## The problem:
Without the pictures, print the lines from the one holding "Used Toyota Yaris" through the last line below, both included, exactly as they stand.

## Records to process:
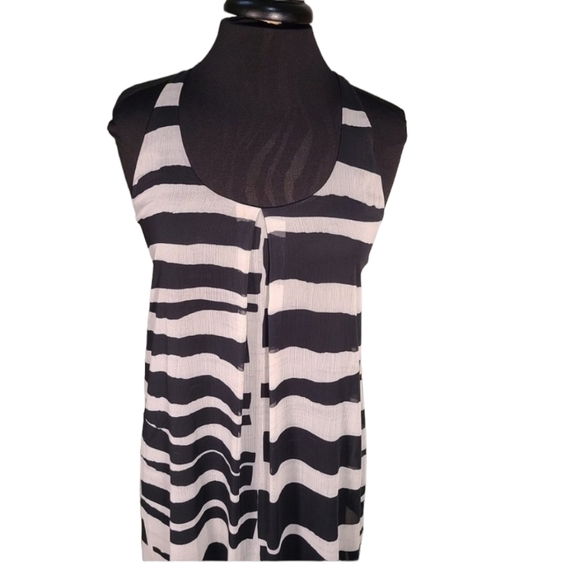 Alice & Olivia black white Maxi dress (SEE PICS) - Picture 4 of 12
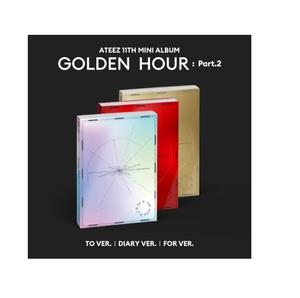 ATEEZ - อัลบั้ม EP ชุดที่ 11 [GOLDEN HOUR Part.2] - Product Image 1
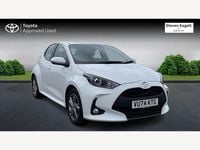 Used Toyota Yaris Hybrid 2024 White Hatchback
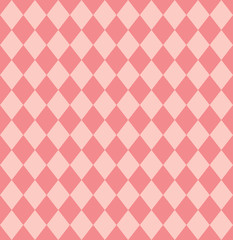 Vintage pattern background with rhombus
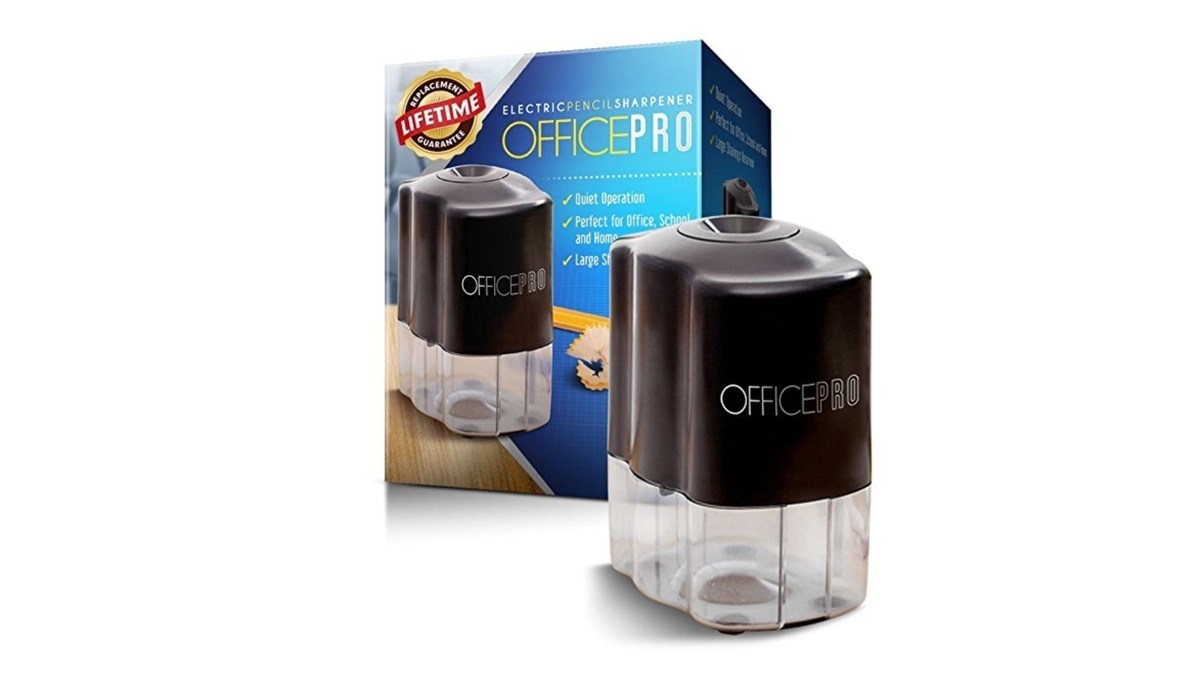 Geek Daily Deals 032419 electric pencil sharpener
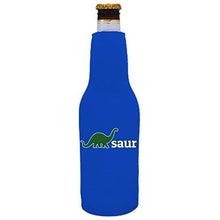 Load image into Gallery viewer, Dino-Saur Beer Bottle Coolie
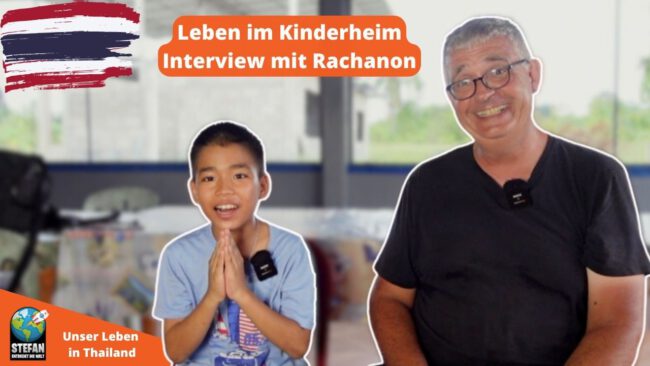 Stefan und Rachanon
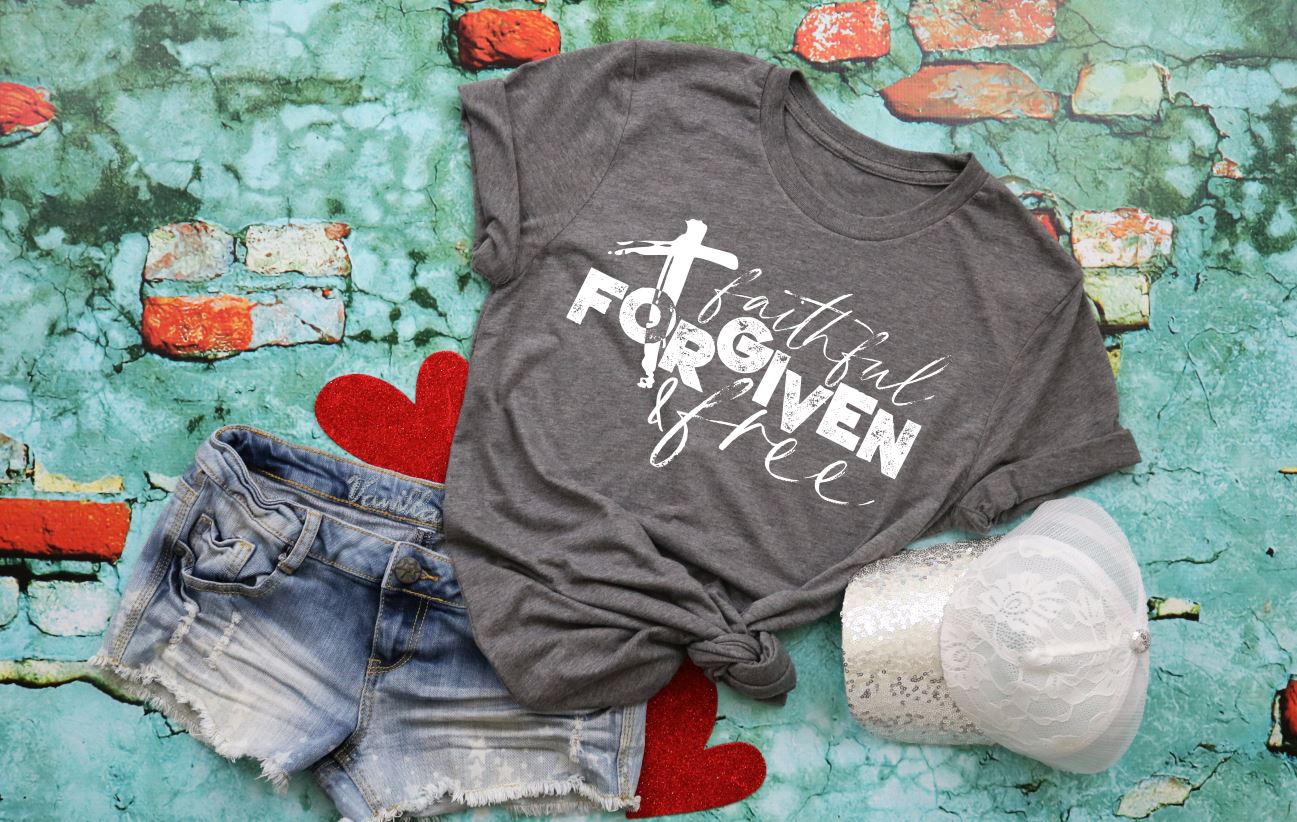 Faithful Forgiven and free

## Solution to this task:
 Used Toyota Yaris Hybrid 2024 White Hatchback
 Vintage pattern background with rhombus
 Geek Daily Deals 032419 electric pencil sharpener
 Load image into Gallery viewer, Dino-Saur Beer Bottle Coolie
 Stefan und Rachanon
 Faithful Forgiven and free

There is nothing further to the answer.